I remembered TPU gave Asus GTX670 DC2 Top a perfect 10 too. http://www.techpowerup.com/reviews/ASUS/GeForce_GTX_670_Direct_Cu_II/33.html

I went out and bought it, and it died in just 3 days. I exchanged it with Galaxy GTX670 GC, which still works fine till today. 
Both cards have the same performance, thermal, and fan noise level, but Galaxy is 50 buck cheaper (at that time).

Moral of the story: Perfect 10 score doesn't guarantee quality. And since the two products that receive perfect 10 score are from the same manufacturer, I start to doubt there might be some kind of sponsorship involved here.


----------



## damric (Oct 22, 2014)

Hey W1zzard, did you play with the voltages at all on this sample? You always point out which cards have voltage control, but you never mention if you juiced it. If this is one of the only Maxwell cards with voltage tuning, it definitely will be popular with oveclockers.


----------



## natr0n (Oct 22, 2014)

On that Asus payroll...


----------



## W1zzard (Oct 22, 2014)

silapakorn said:


> I went out and bought it, and it died in just 3 days. I exchanged it with Galaxy GTX670 GC, which still works fine till today.
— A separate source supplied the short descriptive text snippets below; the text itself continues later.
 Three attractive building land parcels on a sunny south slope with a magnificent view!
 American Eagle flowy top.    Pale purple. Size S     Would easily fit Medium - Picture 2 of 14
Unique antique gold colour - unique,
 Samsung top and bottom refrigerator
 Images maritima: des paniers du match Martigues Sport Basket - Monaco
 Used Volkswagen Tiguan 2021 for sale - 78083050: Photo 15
Either can happen with any card from any mfgr you buy. Of course if you get RMA troubles then I would never buy from them again.



natr0n said:


> On that Asus payroll...


I wish, maybe I could finally retire


----------



## klon (Oct 22, 2014)

Hey W1zz,

If you still have the MSI card could you run both at stock 980 frequencies to see power draw. The higher load power on the MSI might be due to their higher over clock.

Regards
Klon


----------



## W1zzard (Oct 22, 2014)

klon said:


> The higher load power on the MSI might be due to their higher over clock.


asus is overclocked too, but has lower power consumption than ref, so it's not the clock frequency.


----------



## Ivša (Oct 22, 2014)

silapakorn said:


> I remembered TPU gave Asus GTX670 DC2 Top a perfect 10 too. http://www.techpowerup.com/reviews/ASUS/GeForce_GTX_670_Direct_Cu_II/33.html
> 
> I went out and bought it, and it died in just 3 days. I exchanged it with Galaxy GTX670 GC, which still works fine till today.
> Both cards have the same performance, thermal, and fan noise level, but Galaxy is 50 buck cheaper (at that time).
> ...




Really, are you really doubting W1zzard's review's, the guy goes trough so much extra loop's to bring the best review experience on the net and you really thinh he would flunk it for an ASUS advertisement, its so funny!?

PS: I wish that he would start to do game review's. because now i need to go trough 3-4 review's to get the correct opinion on the game as every reviewer is so much influanced by other stuff!?


----------



## LiveOrDie (Oct 22, 2014)

W1zzard could you please add in some 780Ti cards to the reviews, That are pre-overclocked i would like to see what a OC 980 is vs a OC 780Ti.


----------



## D1RTYD1Z619 (Oct 22, 2014)

why no Diablo 4k bench? And do you plan on "upgrading" to redux for last light?


----------



## the54thvoid (Oct 22, 2014)

Live OR Die said:


> W1zzard could you please add in some 780Ti cards to the reviews, That are pre-overclocked i would like to see what a OC 980 is vs a OC 780Ti.



How about this dude?  780ti Classified at 1155 boost clock.


----------



## z1tu (Oct 22, 2014)

the54thvoid said:


> How about this dude?  780ti Classified at 1155 boost clock.


There's a bit of a flaw in this method as you can see there's a difference in fps for the 780 TI reference card on both reviews.


----------



## W1zzard (Oct 22, 2014)

D1RTYD1Z619 said:


> why no Diablo 4k bench? And do you plan on "upgrading" to redux for last light?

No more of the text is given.